La Jordanie, qui ploie sous les contraintes imposées par le FMI, porte le fardeau d’une dette de 40 milliards de dollars et dont plus de la moitié de la population est d’origine palestinienne, paraît particulièrement instable et exposée au risque d’une nouvelle crise de colère populaire, malgré la redoutable efficacité de sa police. Le roi Abdallah l’a sans doute signalé aux deux émissaires américains lors de leur dernière escale à Amman, comme à Benjamin Netanyahou qu’il avait reçu la veille.

Et ce n’est pas tout. En fondant sa méthode de négociation sur les convictions de promoteur immobilier héritées de son beau-père – on peut tout obtenir dans un marchandage, il suffit de connaître les points faibles de l’interlocuteur et d’y mettre de prix –, Jared Kushner a commis une erreur majeure. Peut-être irréparable. Car il a totalement négligé les enseignements et acquis de deux décennies de négociations, mais aussi l’héritage historique, le contexte géopolitique, les rivalités et ambitions régionales et les problèmes internes de chacun de ses partenaires arabes. Sans compter les résolutions des Nations unies et les impératifs du droit international…

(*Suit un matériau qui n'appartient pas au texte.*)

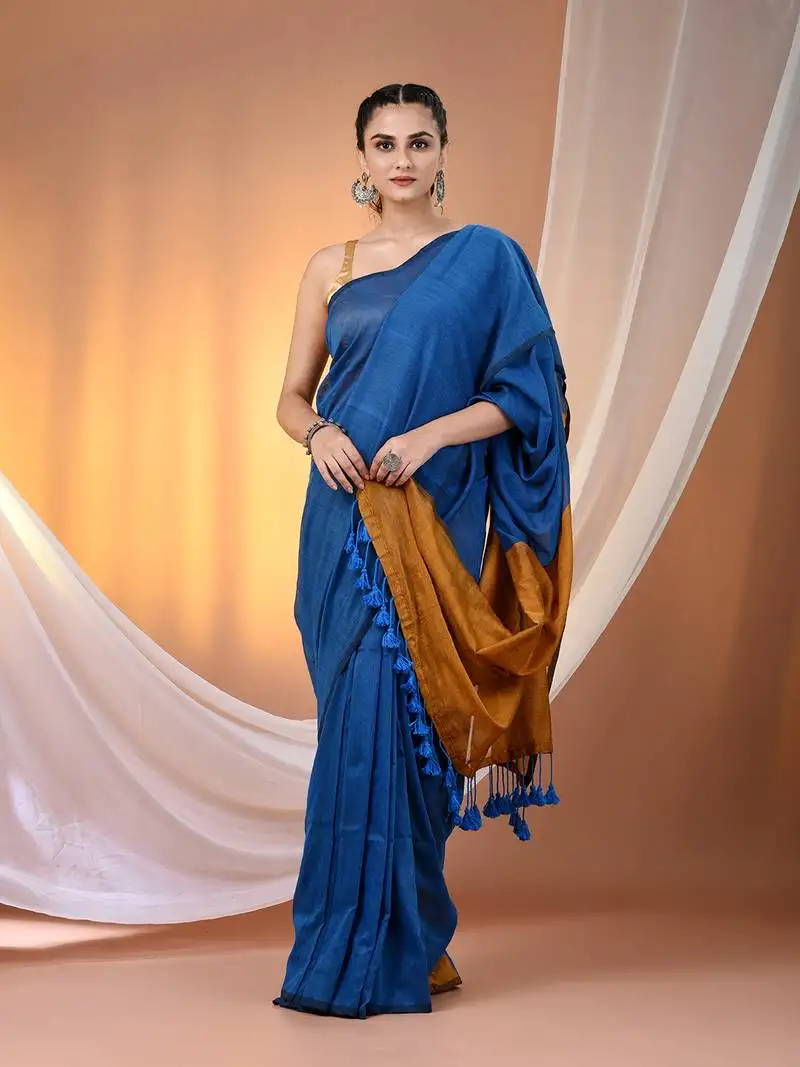 Yale blue cotton soft saree with contrast mustard pallu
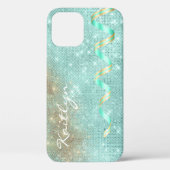 Aqua Blue Sparkle Ribbon Glam Case-Mate iPhone Hülle (Rückseite)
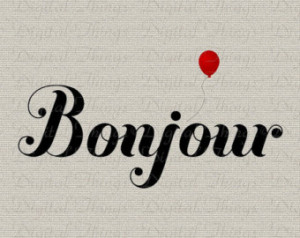 Bonjour French Script Red Balloon French Decor Wall Decor Art ...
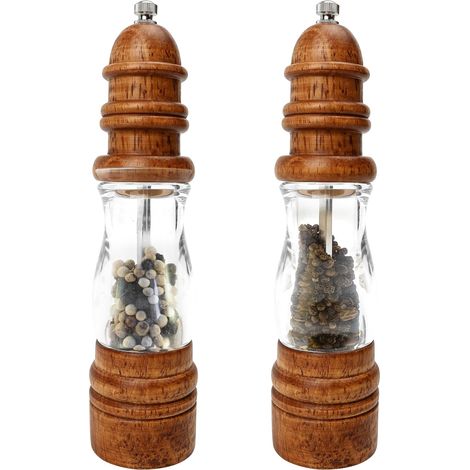 2 moulins à poivre manuels, 22,1x5,6 cm, bois, à manivelle (1/5)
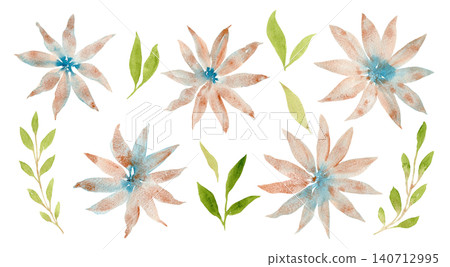 Set of abstract watercolor hand painting textured brown blue daisy flowers and green leaves. Textured watercolour floral coneflower blossoms for pattern design, wedding greeting card, logo Set of abstract watercolor hand painting textured brown blue daisy flowers and green leaves. Textured watercolour floral coneflower blossoms for pattern design, wedding greeting card, logo 140712995
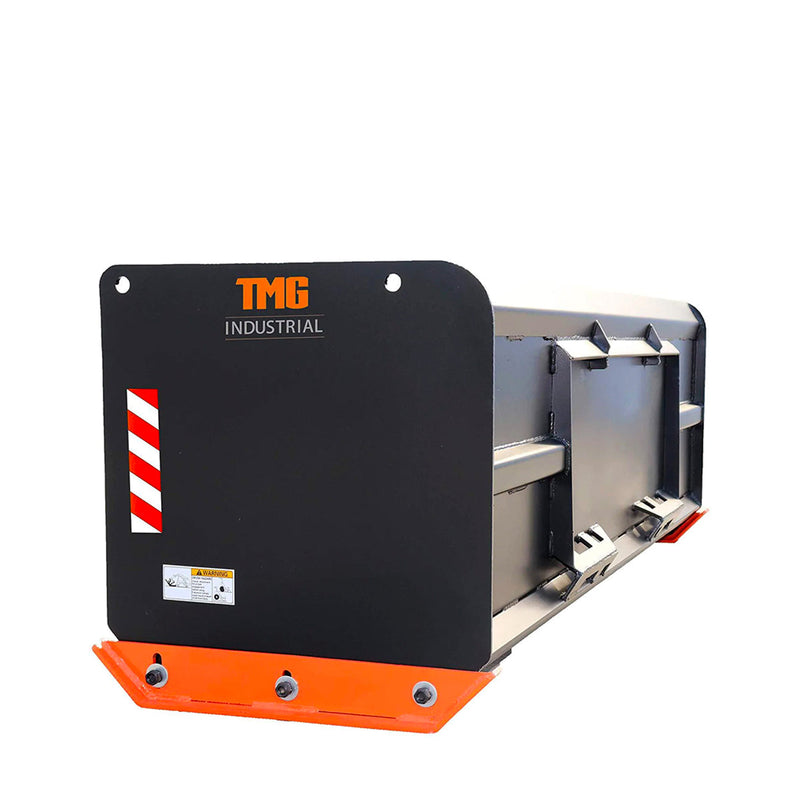 TMG Industrial Heavy-Duty 7' Skid Steer Snow Pusher with Durable Steel Cutting Edge, Adjustable Wear Shoes, and Reinforced Side Braces, Perfect for 40-70 HP Machines - TMG-SP07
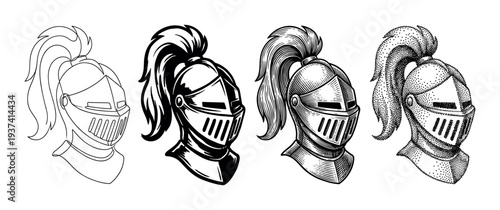 Four medieval knight helmets with plumes shown in different artistic styles, including line art, solid graphic, engraving, and stippling for a historical warrior concept
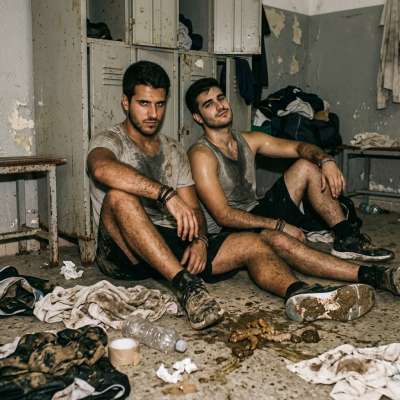 Two sweaty athletes chilling in a locker room soaked in cum and shit, their tight bodies glistening under the stench. One...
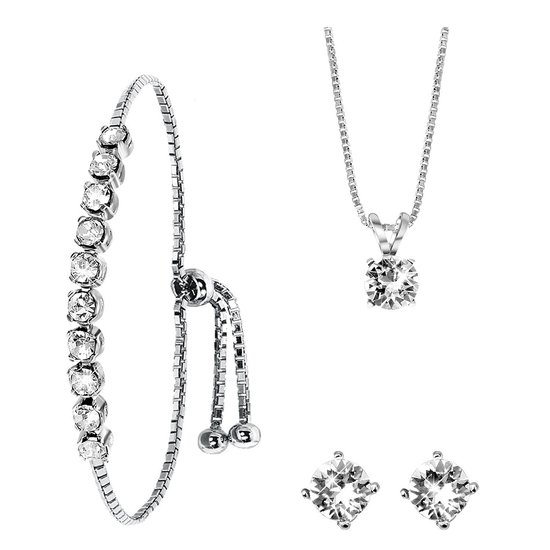 Lucardi Dames Zilveren set kristal white - Cadeau Set - 925 Zilver - Zilverkleurig
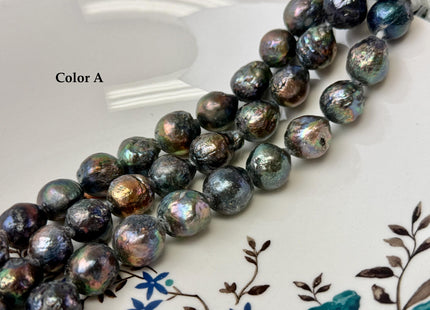 12-15 mm Half Strand Rainbow Blue Peacock Color Baroque Pearls Large 2.2mm Hole High Luster Iridescent Baroque Pearl 12 Beads #P3413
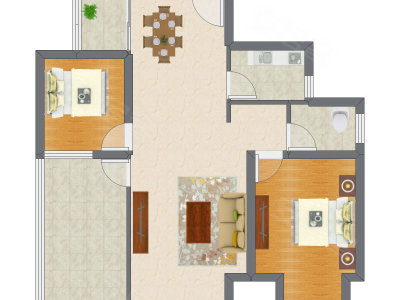 2室2厅 76.60平米户型图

En échafaudant un projet hors sol, approuvé par l’aventureux prince héritier saoudien, Mohammed ben Salmane (MBS), et son fougueux homologue émirati, Mohammed ben Zayed (MBZ), mais jugé truffé de pièges par nombre d’autres dirigeants de la région, le gendre de Trump a semé derrière lui, au Moyen-Orient, un véritable champ de mines diplomatique. Les dirigeants de l’Autorité palestinienne, qui refusent toute discussion avec les émissaires américains depuis la reconnaissance par Washington de Jérusalem comme capitale d’Israël, il y a six mois, considèrent le plan comme un complot destiné à les écarter pour donner le contrôle complet de la Cisjordanie à Israël.

Leurs voisins aussi, chacun à sa façon, affrontent les conséquences imprévues, mais déjà déstabilisatrices, d’un projet conçu principalement par trois hommes, Jared Kushner, Jason Greenblatt et l’ambassadeur des États-Unis en Israël, David Friedman, dépourvus de toute expérience diplomatique et de toute connaissance de la région, hormis Israël.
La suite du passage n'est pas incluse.